• **WORK INSTRUCTION**: From the line that holds "frames branches berries" down to the last line of the listing below, reproduce each line exactly and nothing more, omitting pictures.

• **AVAILABLE DATA**:

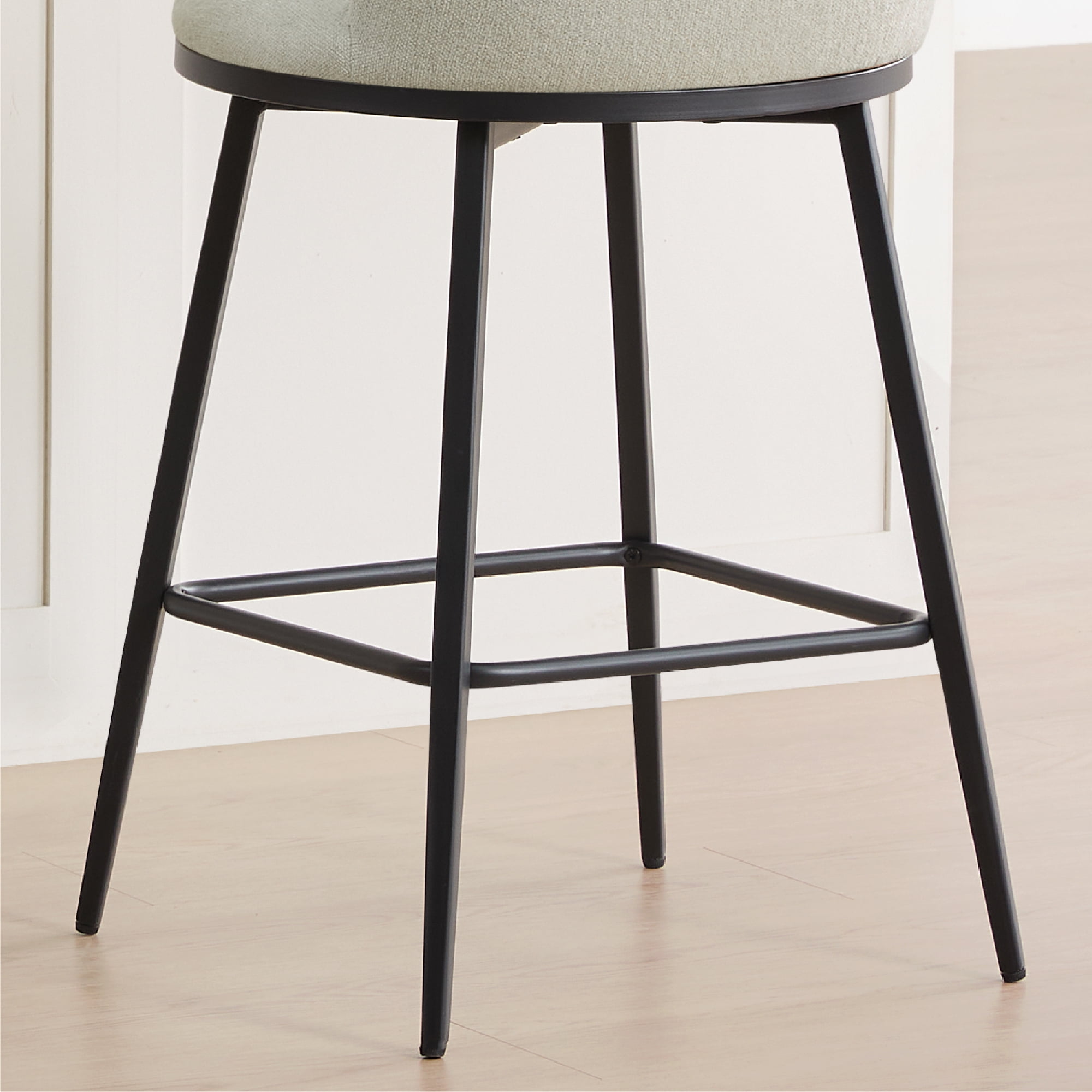 Spruce & Spring Counter Height Swivel Bar Stool with Metal Frame Set of 2, Linen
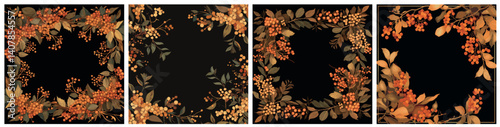 frames branches berries set. frame sea buckthorn background, berry branch gold vintage painting watercolor nature botany vector illustration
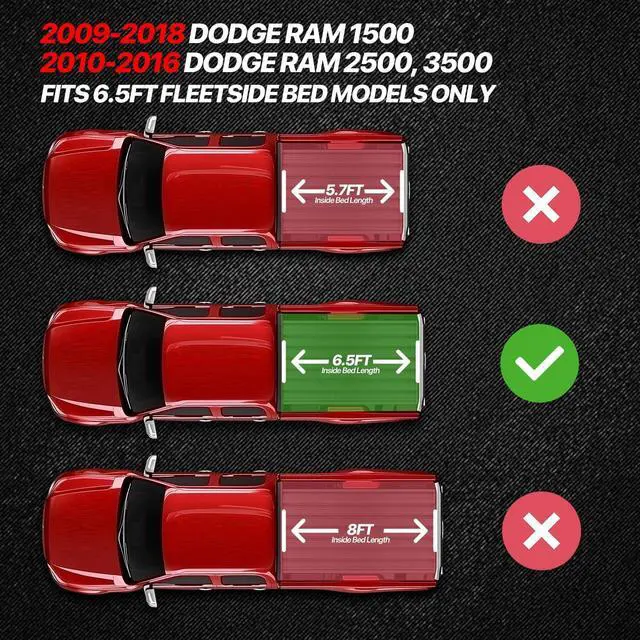 Alt view image 2 of 7 - Hard Truck Bed Cover Tri-Fold Tonneau Cover Compatible with 2009-2018 Dodge Ram 1500 2500 3500 6.5 Ft. Fleetside Bed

• **COMPLETED TASK**:
 frames branches berries set. frame sea buckthorn background, berry branch gold vintage painting watercolor nature botany vector illustration
 Alt view image 2 of 7 - Hard Truck Bed Cover Tri-Fold Tonneau Cover Compatible with 2009-2018 Dodge Ram 1500 2500 3500 6.5 Ft. Fleetside Bed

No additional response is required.